Por Carly Helfand | FiercePharma |
A AIDS Healthcare Foundation, sediada em Los Angeles, já processou a Gilead Sciences e pediu aos legisladores que investiguem a empresa por causa dos preços de seus medicamentos. Mas não vai parar por aí.
A fundação lançou uma campanha de conscientização intitulada “A ganância da Gilead mata!” e organizou dois protestos, o mais recente dos quais ocorreu na quarta-feira em frente à sede da empresa californiana em Foster City. Cinquenta ativistas da luta contra a AIDS, vestindo camisetas com a frase “A ganância da Gilead mata!”, carregavam faixas e cartazes criticando a empresa pelos altos preços de seus medicamentos para HIV e hepatite C.
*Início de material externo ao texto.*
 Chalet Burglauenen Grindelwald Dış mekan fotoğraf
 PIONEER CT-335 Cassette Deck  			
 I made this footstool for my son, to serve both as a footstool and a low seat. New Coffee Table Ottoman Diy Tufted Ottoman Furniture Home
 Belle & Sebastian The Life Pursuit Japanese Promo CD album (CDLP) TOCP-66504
Essa manifestação ocorreu após uma ação realizada na semana passada, durante a apresentação da Gilead na Conferência de Saúde da Goldman Sachs, em um resort na região de Los Angeles. O protesto incluiu uma carreata — com direito a carro funerário; um ônibus de dois andares; e um pequeno avião rebocando uma faixa com os dizeres “A ganância da Gilead mata!”, que, segundo a AHF, “sobrevoou o resort repetidamente por várias horas”.
A Gilead não respondeu imediatamente ao pedido de comentário.
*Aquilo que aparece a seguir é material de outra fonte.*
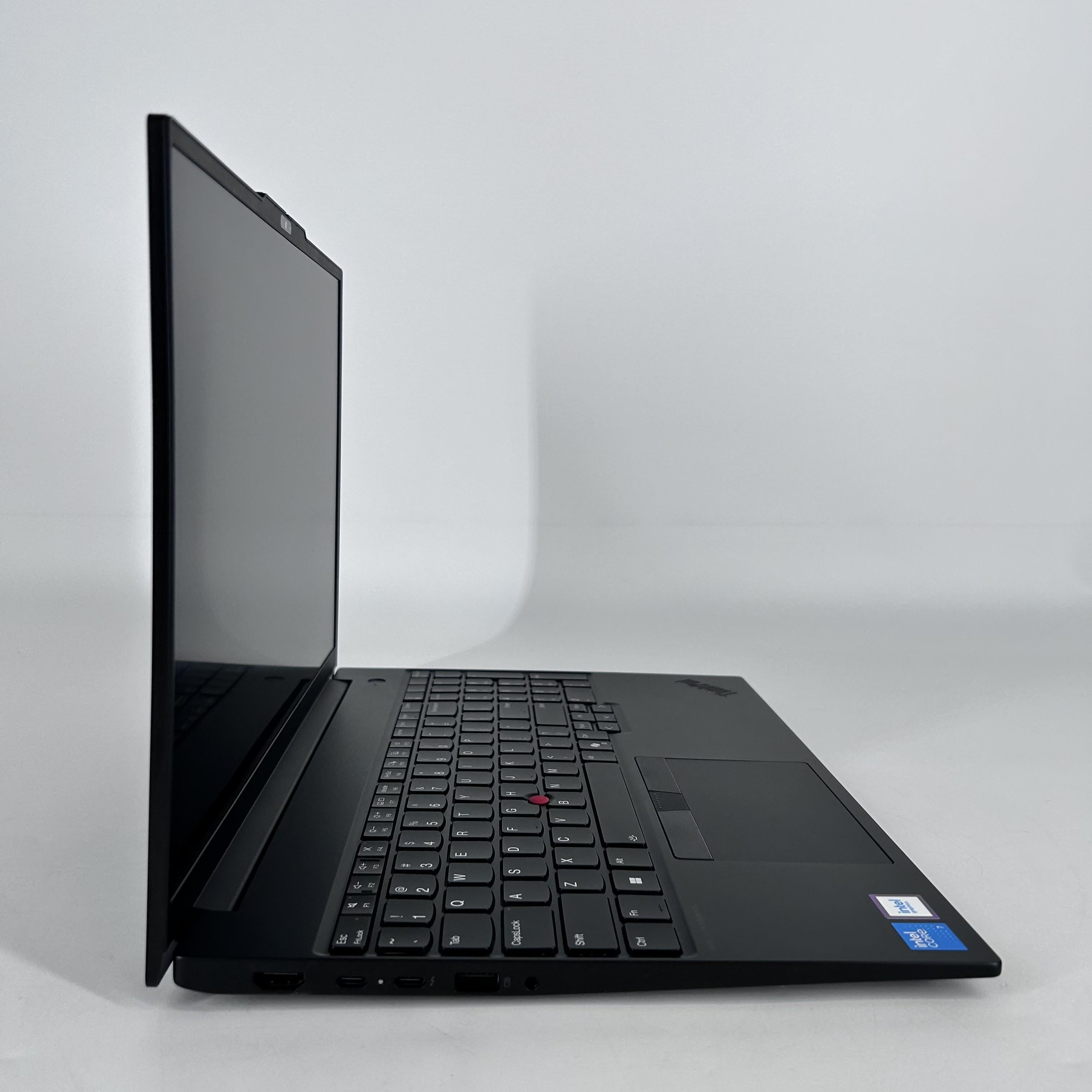 Lenovo ThinkPad E16 Gen 3 Black 2.5 GHz Intel Core 7 Series 2 16GB RAM 512GB Solid State Drive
A indignação da organização vem crescendo há algum tempo; no início deste ano, ela processou a gigante da biotecnologia, alegando que a empresa havia atrasado o desenvolvimento de um medicamento para HIV de baixa toxicidade de "maneira calculada e anticompetitiva" para manter os preços altos do medicamento Viread até que sua patente estivesse perto de expirar.
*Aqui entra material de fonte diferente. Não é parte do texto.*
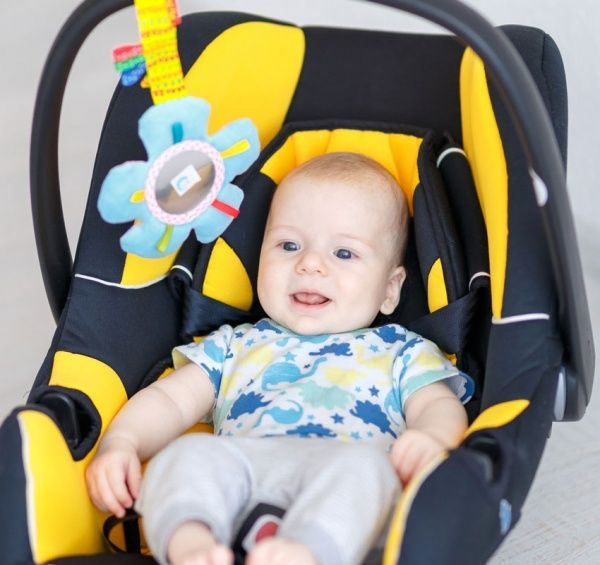 Игрушка-подвеска Macик Зеркальце МС 110603-04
Mas foi recentemente Los Angeles Times O artigo — que detalhava o cronograma de desenvolvimento do novo medicamento, agora conhecido como Genvoya — desencadeou novas ações da AHF. Segundo o artigo, os pesquisadores da Gilead tinham evidências clínicas de que seu composto poderia reduzir os níveis de toxicidade, mas interromperam a pesquisa do medicamento em 2004, enquanto o Viread, entretanto, alcançou o sucesso de vendas. Em resposta, a AHF solicitou aos legisladores e ao FDA que investigassem a empresa por possível manipulação de patentes e violações antitruste, citando a "ganância descarada" da Gilead e o "descaso com a segurança do paciente".
A Gilead, por sua vez, nega as alegações do processo; afirma que "não tinha a obrigação de desenvolver, testar, buscar aprovação ou lançar seu novo produto em qualquer cronograma específico". A empresa alega que atrasou o desenvolvimento do Viread para priorizar o orçamento de pesquisa e desenvolvimento em detrimento de outros programas.
Mas, ainda assim, a recente polêmica não é exatamente uma boa imagem para a farmacêutica, que vem enfrentando protestos sobre os preços de seus principais medicamentos contra a hepatite C desde o lançamento do inovador Sovaldi, com um preço de US$ 84,000, no final de 2013.